◆ **INPUT FOR THIS TASK**
───

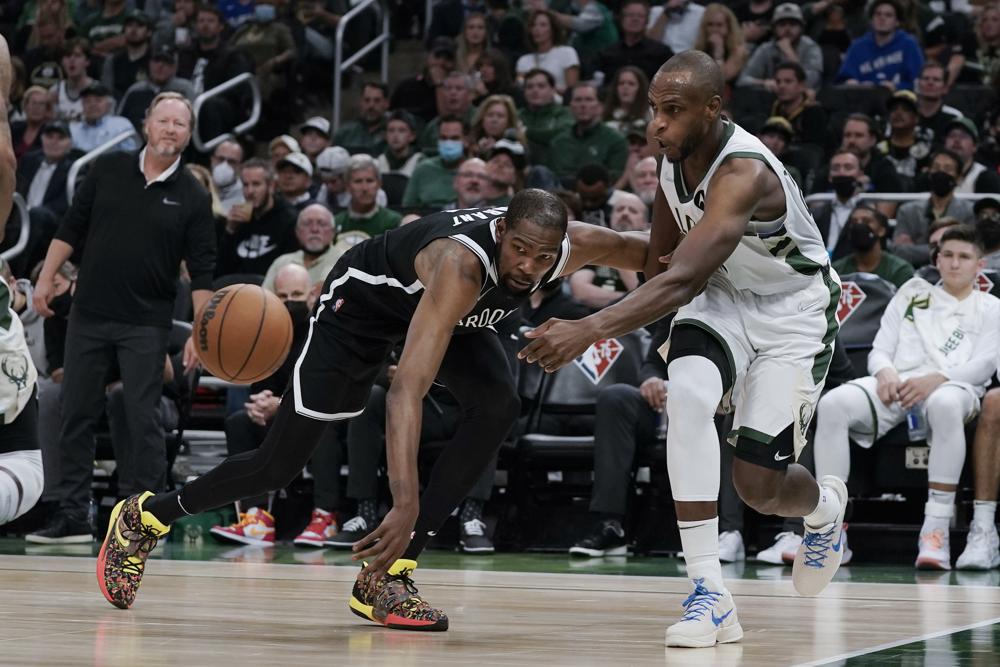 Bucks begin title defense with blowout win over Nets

───

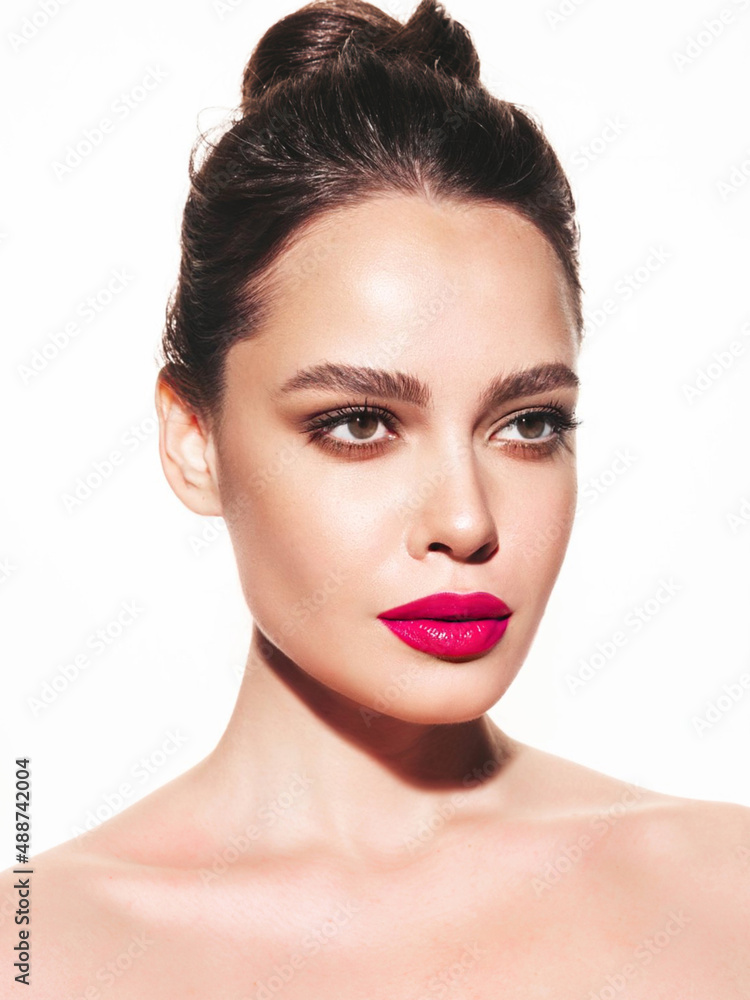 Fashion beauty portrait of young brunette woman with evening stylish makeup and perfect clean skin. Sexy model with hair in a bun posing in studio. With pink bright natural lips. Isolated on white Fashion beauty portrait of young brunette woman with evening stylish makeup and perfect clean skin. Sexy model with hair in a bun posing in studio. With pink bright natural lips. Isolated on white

───

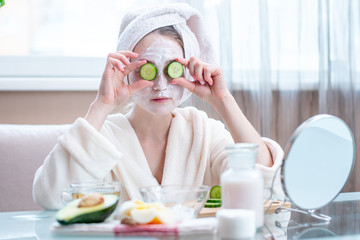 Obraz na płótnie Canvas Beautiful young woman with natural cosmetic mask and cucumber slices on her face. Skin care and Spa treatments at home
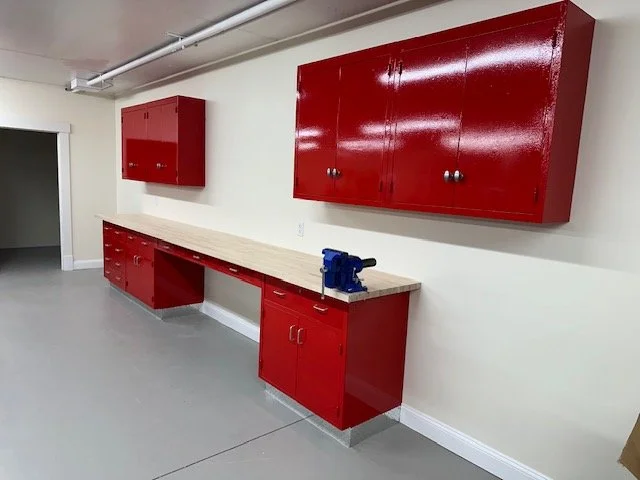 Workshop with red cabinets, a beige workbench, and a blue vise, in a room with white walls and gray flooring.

───

◆ **WHAT YOU HAVE TO DO**
Only one stretch of the listing is wanted: the lines starting at the one with "Obraz na płótnie" and ending at the one with "Workshop with red", copied exactly and free of pictures.

◆ **YOUR SOLUTION**
 Obraz na płótnie Canvas Beautiful young woman with natural cosmetic mask and cucumber slices on her face. Skin care and Spa treatments at home
 Workshop with red cabinets, a beige workbench, and a blue vise, in a room with white walls and gray flooring.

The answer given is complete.